The Report lays out the design choices for CBDCs, which, alongside cash, would be issued and backed by a central bank.
CBDCs would build on the central bank's traditional roles in the payment system, to ensure that payments are final and certain; that there is enough liquidity for the payment system to function; and that central bank money is available on an equal basis to all parties.
BIS analysis finds that CBDCs would best function as part of a two-tier system where the central bank and the private sector work together. The central bank would operate the core of the system and ensure its safety and efficiency, while banks and payment service providers would use it to serve customers. From a practical perspective, the BIS says the most promising CBDC design would be one tied to a digital identity, requiring users to identify themselves to access funds.
In addition, the BIS says international cooperation on design will be vital if central banks are to harness the full benefits of CBDCs, and to improve cross-border payments while countering foreign currency substitution.
"CBDCs are a concept whose time has come. They open a new chapter for the monetary system by providing a technologically advanced representation of central bank money. In doing so, they preserve the core features of money that only the central bank can provide, anchored in the foundation of trust in the central bank," said Hyun Song Shin, Economic Adviser and Head of Research of the BIS.

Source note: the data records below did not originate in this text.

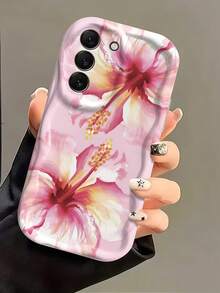 1pc Creamy Big Wave Ins Shockproof Anti-Drop Protective Phone Case, Beautiful Watercolor Hibiscus Flower Pink Gradient Floral Print Wavy Edge Soft TPU Protective Phone Shell, Compatible With Android Devices Anti-Drop Protective Case Compatible With Samsung, Series Phones - White - View 1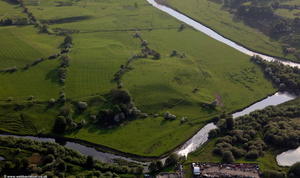 ancient ridge and furrow field patterns alongside the River Calder in  Burnley from the air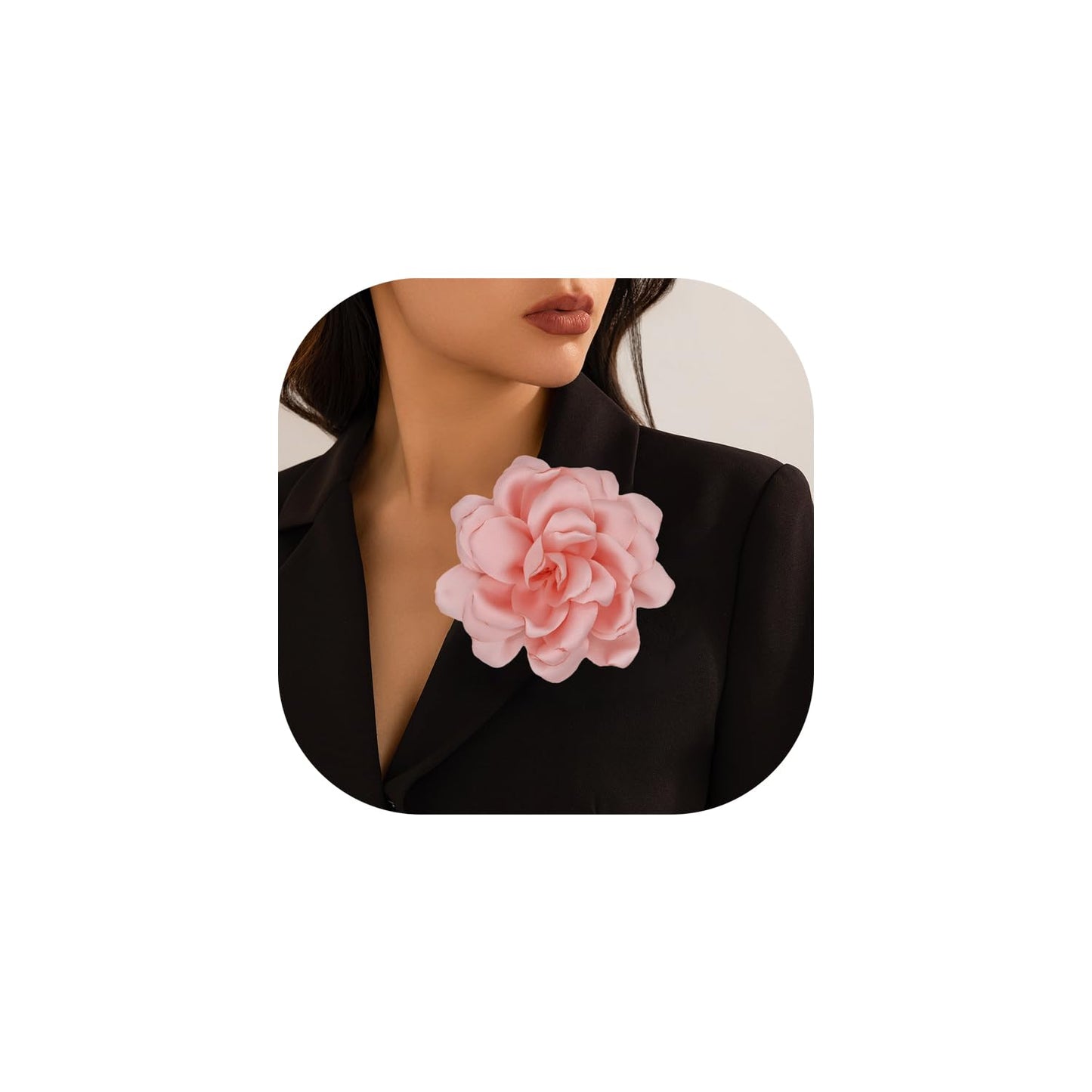LiaLush Handmade Satin Rose Flower Brooch – Large Floral Pin for Wedding, Party & Everyday Style | 4.72in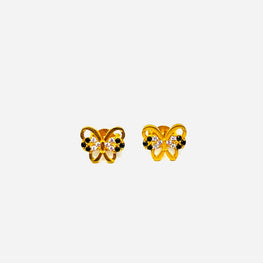 22k Gold Black n White Butterfly Studs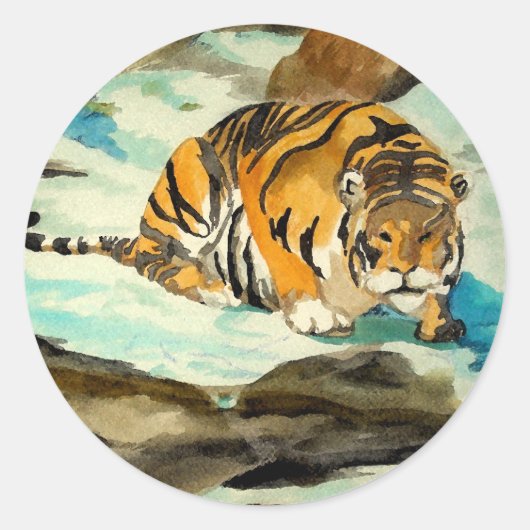 Wasserfarbe Tiger Runder Aufkleber (Vorderseite)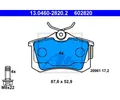 Produktbild: Bremsbelagsatz, Scheibenbremse ATE 13.0460-2820.2 für VW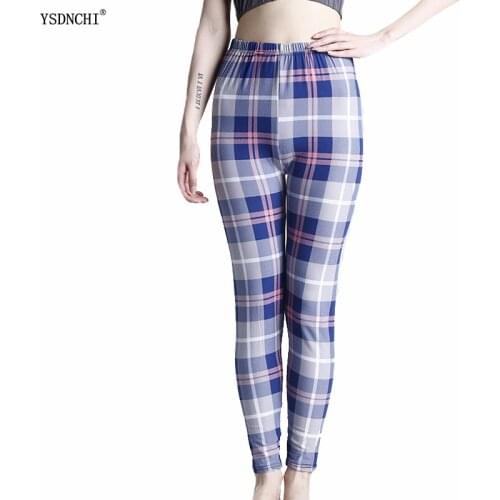 YSDNCHI Leggings Blue Gray Plaid Printing Women Leggins High Waist Workout For Women Comfortable Casual Pants Running Trousers
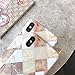 Brown & Maroon Rhombic Marble Pattern Design, Slim Fit Clear Bumper Soft TPU Full-Body Protective Cover Case for XS Max 6.5'' (Plaid Marble)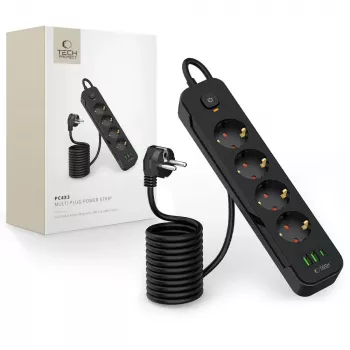 TECH-PROTECT PCL4X3 ilgintuvas su 2 USB ir 1 Type-C bei 4 kištukiniais lizdais, 200cm, juodas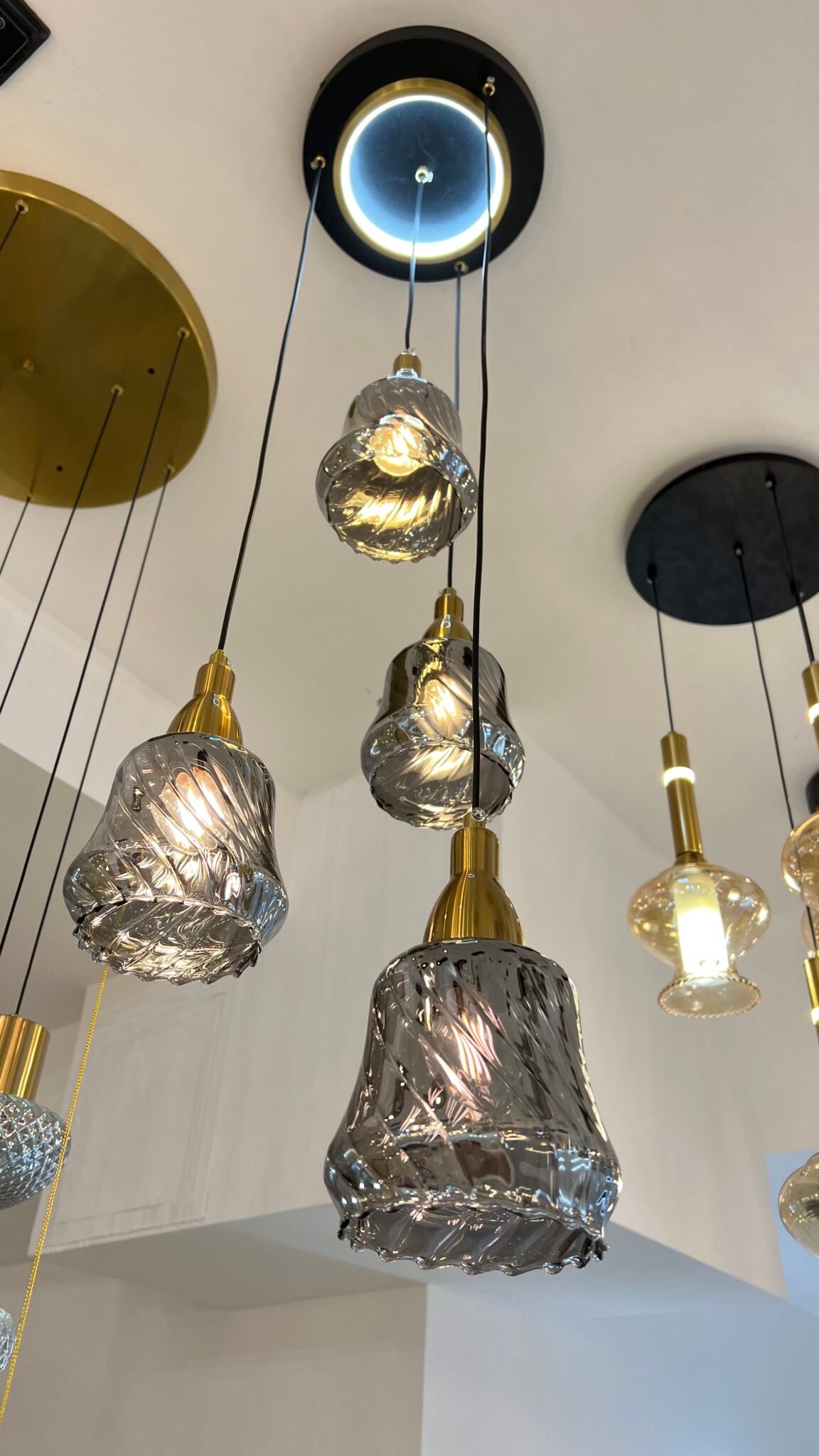 Luxury Swirl Cut Glass LED Pendant Light – Gold Accents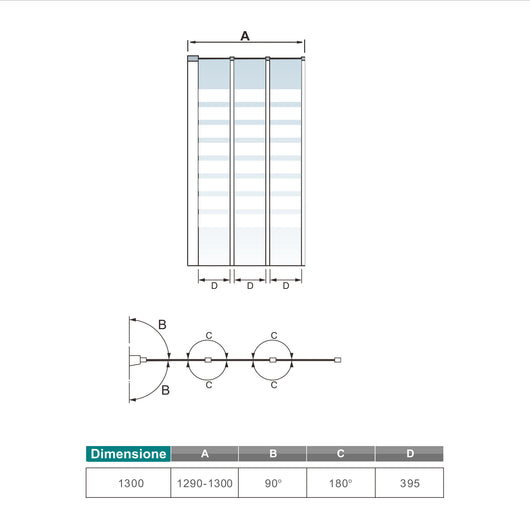 130x140 cm Parete Vasca da Bagno Doccia 3 Ante Pieghevoli a Libro Montaggio Verso Sinistro Vetro 4 mm Temperato Fasce Bianche Opache Telaio Argento Opaco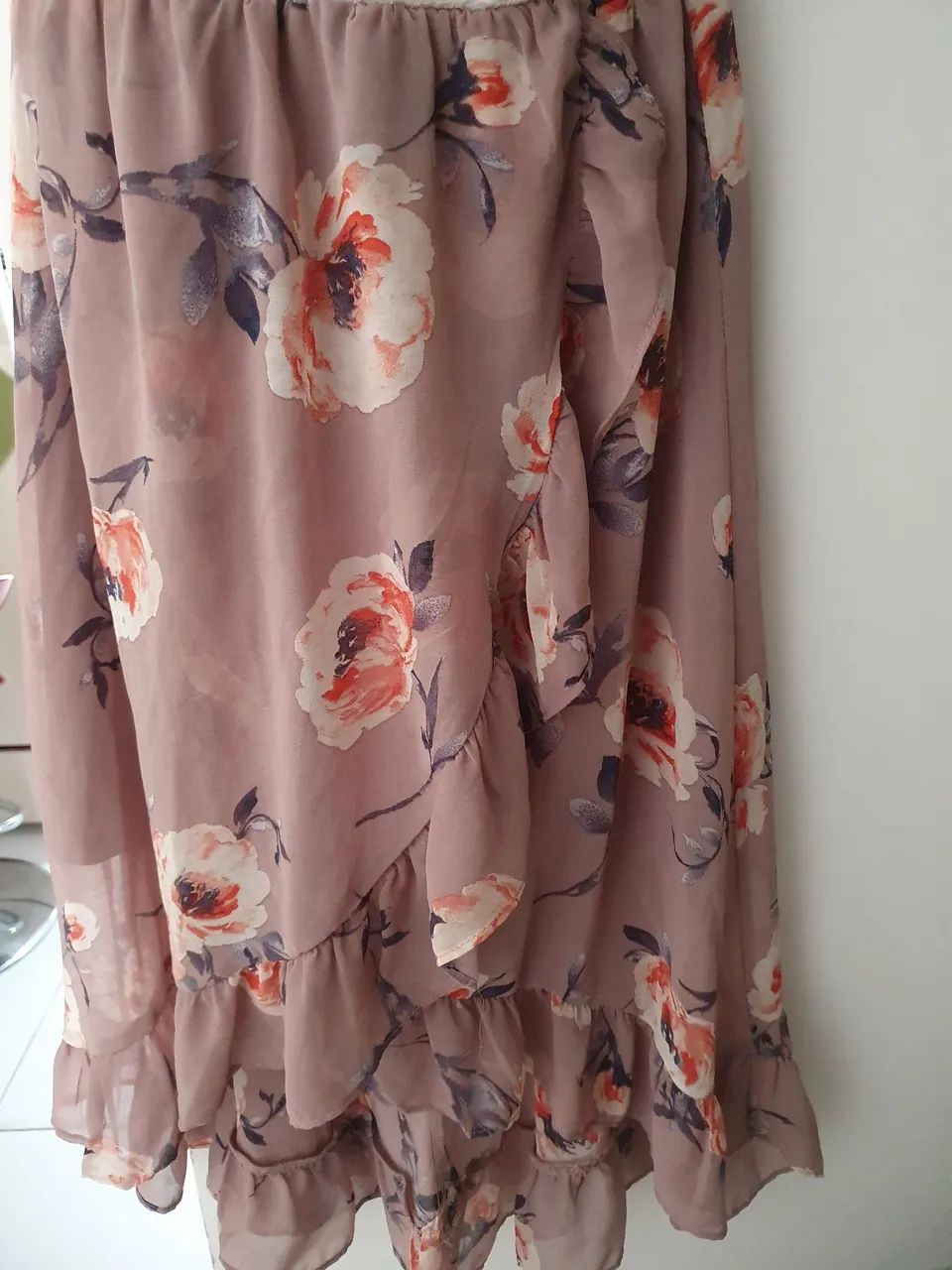 Vestido P saia estampada e peito em renda - Foto 3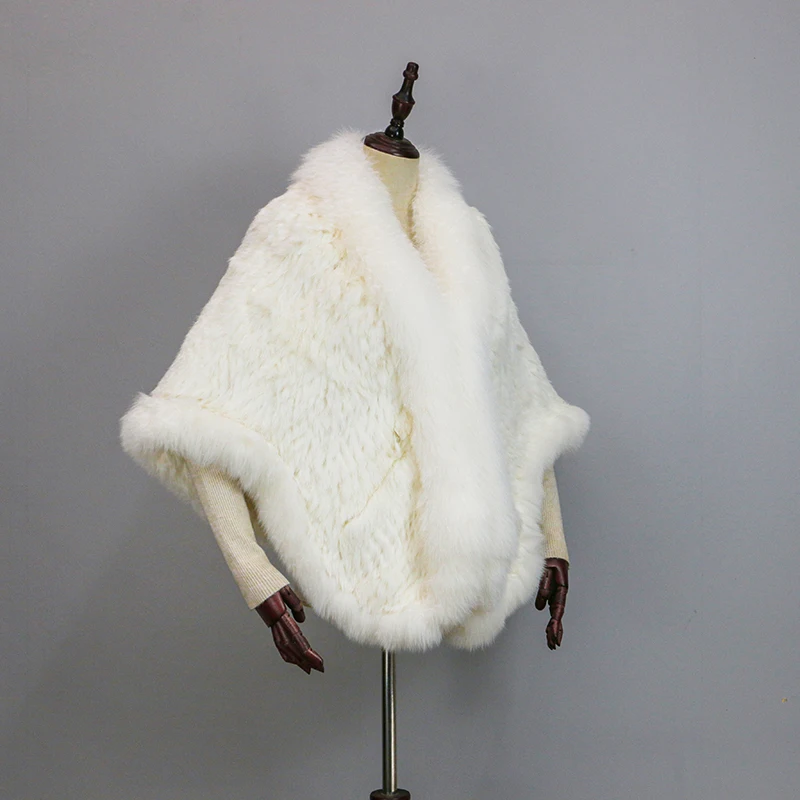 Women 100% Real Rabbit Fur Cape with Fox Fur Collar Winter Warm Knitted Cloak Rabbit Fur Poncho Girls Party Fashion Shawl Scarf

BIS also includes analyses on:
- The architecture of CBDCs and how they would fit into the financial ecosystem;
- The international dimension of CBDC issuance and the implications for cross-border payments;
- Project Helvetia, which demonstrated the feasibility of integrating tokenised assets and central bank money;
- Application programming interfaces and how they could act as a bridge between different providers and simplify transactions.